The IRS also extended its no-ruling policy to include, among other transactions, spin-offs in which either corporation relies on assets with a value of less than 5% of the corporation’s total assets to satisfy the 5-year “active trade or business” requirement of Section 355.  Because PropCo’s business of leasing real estate back to OpCo generally will not satisfy this requirement, a PropCo may need to retain some amount of active business assets (often in a taxable REIT subsidiary, or TRS).

In its announcements, the IRS stated that such PropCo/OpCo spin-offs and REIT conversions raise “significant concerns” with respect to certain fundamental requirements for tax-free spin-off treatment under Code Section 355 and also raise similar concerns regarding preservation of the corporate tax base generally. The “concerning” requirements under Section 355 are as follows:  each of PropCo and OpCo must be engaged in an active trade or business; a substantial non-tax business purpose must exist for the spin-off; and the proposed transaction must not serve principally as a “device” for distributing earnings and profits of either PropCo or OpCo. 

While not a statement of substantive law, the new no-ruling policy suggests the IRS will closely scrutinize these transactions, which will create a “new normal” for companies considering PropCo/OpCo spin-offs. Given that the tax costs of failing to qualify under Code Section 355 are often catastrophic, the market’s concern over the impact of these releases is certainly warranted.

The IRS did note that it is not particularly concerned about proposed spin-offs in which both distributing and distributed companies will be (and will continue to be) qualifying REITs, or where the distributing company has been a REIT for a “substantial” period of time preceding a spin-off, regardless of whether the distributed company elects REIT status going forward.

Action by the IRS that has the effect of chilling activity in the marketplace is not new to the REIT industry and certainly not new to REIT conversions, whether promoted by REIT activists arguably attempting to maximize short-term gains through financial alchemy or by boards of directors and management teams intending to create long-term value for stockholders.
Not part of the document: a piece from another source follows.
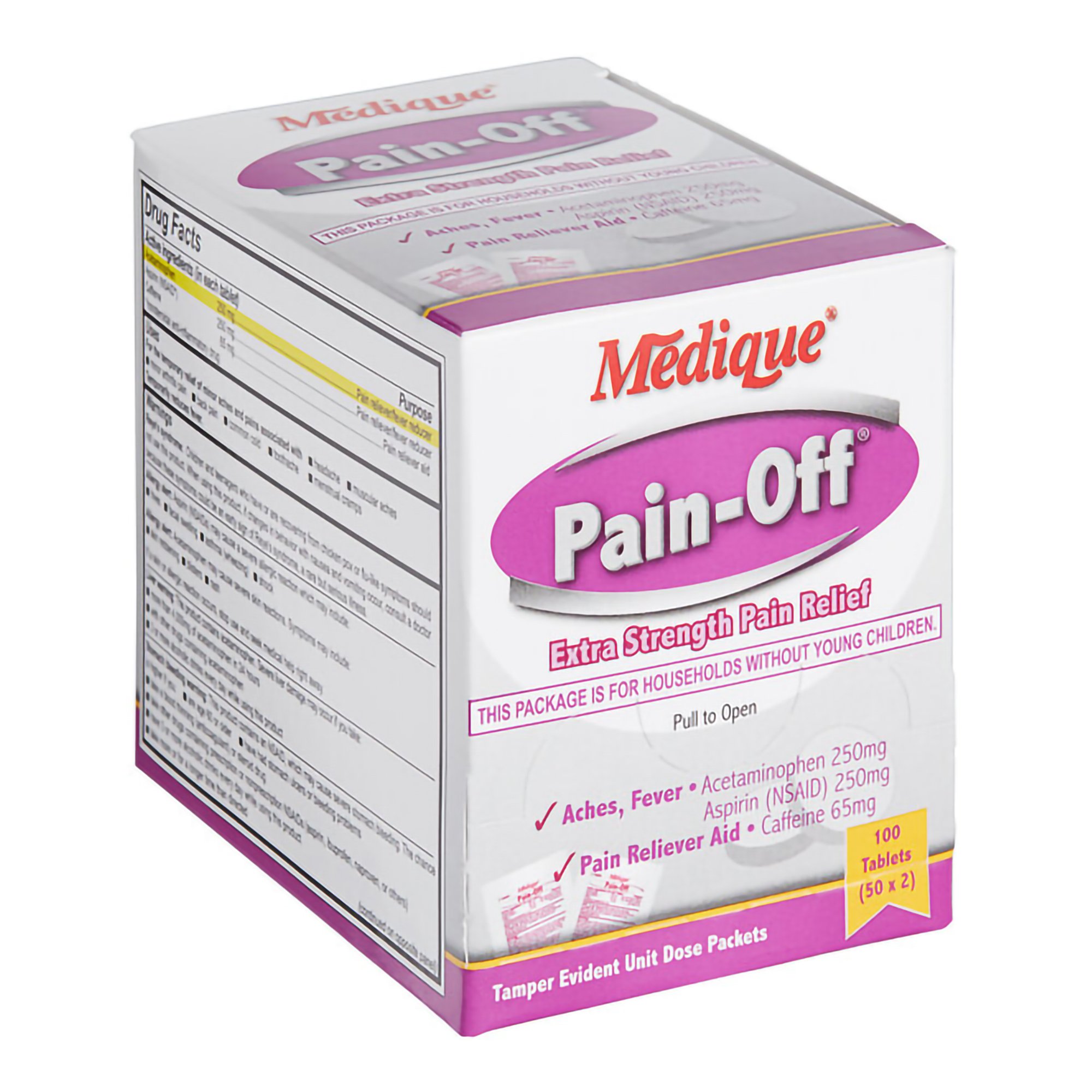 Medique Products 22833 - Pain-Off® Acetaminophen / Aspirin / Caffeine Pain Relief - 50/Box, 600/Case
For example, in June of 2013 several companies pursuing REIT conversions and seeking rulings as to whether certain assets would qualify as real property for REIT qualification purposes were forced to publicly announce that the IRS had placed their ruling requests on hold while the IRS “examined” the definition of real property under the REIT qualification provisions of the Code. While the IRS never formally announced any such suspension, in a statement to Tax Analysts magazine on November 15, 2013, the IRS publicly acknowledged that they had stopped issuing these rulings due to the analysis of a “working group” studying the matter. Once the working group had finished its task, the IRS resumed issuing private letter rulings in this area under existing law.

The IRS’ conduct in the summer and fall of 2013 caused a fair amount of uproar and resulted in numerous inquiries on Wall Street by proponents of C-corporation REIT conversions following disclosure by public companies who were seeking to convert to REIT status at that time.
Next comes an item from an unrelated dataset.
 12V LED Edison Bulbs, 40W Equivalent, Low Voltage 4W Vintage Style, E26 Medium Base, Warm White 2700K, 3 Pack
Last week’s announcements with respect to REIT conversions as part of spin-offs may well become a permanent addition to the IRS’s no-rule list with no further meaningful clarification on the subject of PropCo/OpCo spin-offs . These announcements are much more permanent in scope than the temporary suspension of private letter rulings relating to C-corporation conversions that took place in 2013. As such, the IRS’s action is a direct threat to the viability of a number of PropCo/OpCo spin-offs being discussed both in the marketplace and in board rooms, unless of course tax counsel can find a way to opine over or otherwise address the “significant concerns.” In short, we are not optimistic that the IRS will reverse course on its new position any time soon.
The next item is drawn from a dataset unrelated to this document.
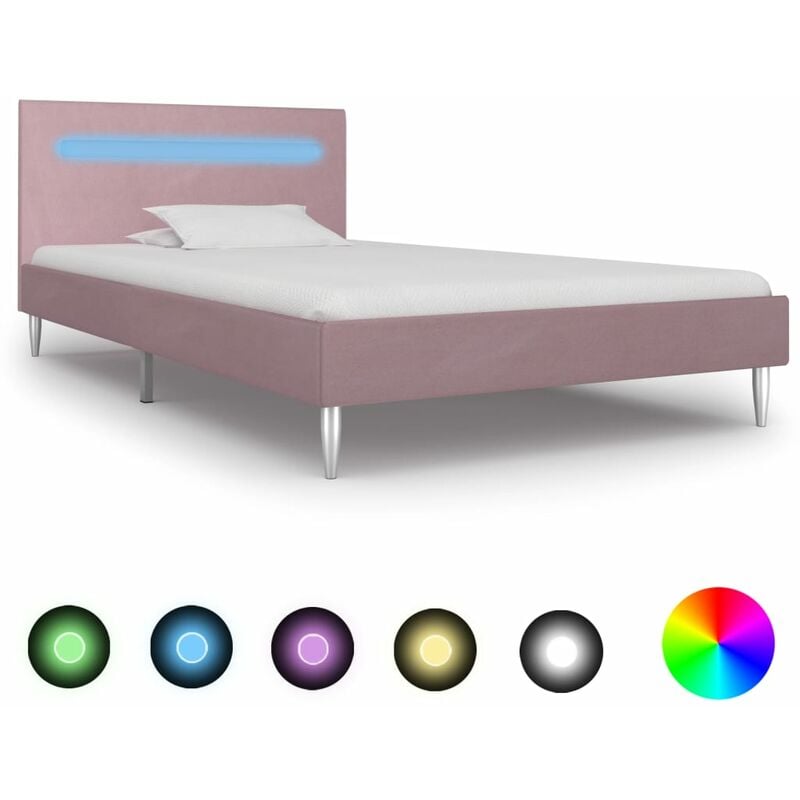 

Estructura de cama con LED tela rosa 90x200 cm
Having said this, how does a board of directors of a company intending to engage in a PropCo/OpCo conversion transaction proceed in light of last week’s announcements? No doubt the IRS intended to place a damper on PropCo/OpCo conversion transactions generally. Absent a change in law, however, we think it goes too far to suggest that no PropCo/OpCo spin-off and REIT conversion can qualify under Code Section 355.  The question remains, therefore, whether the facts and circumstances surrounding a proposed PropCo/OpCo spin-off will be sufficiently compelling to enable tax counsel to provide clear guidance in the form of an opinion to a board of directors on whether the spin-off (and related REIT election) will withstand scrutiny if challenged by the IRS, and whether a board of directors will be able to proceed in reliance on such opinion. 

We are certain that, in the meantime, the IRS’ actions of last week will cause tax counsel to existing companies considering PropCo/OpCo conversion transactions to revisit the hurdles necessary to unlock value in connection with a PropCo/OpCo REIT spin-offs, and to determine whether counsel can provide guidance in the form of a tax opinion acceptable to the board of directors in the absence of a private letter ruling. Under the right facts and circumstances, we think this is a real possibility.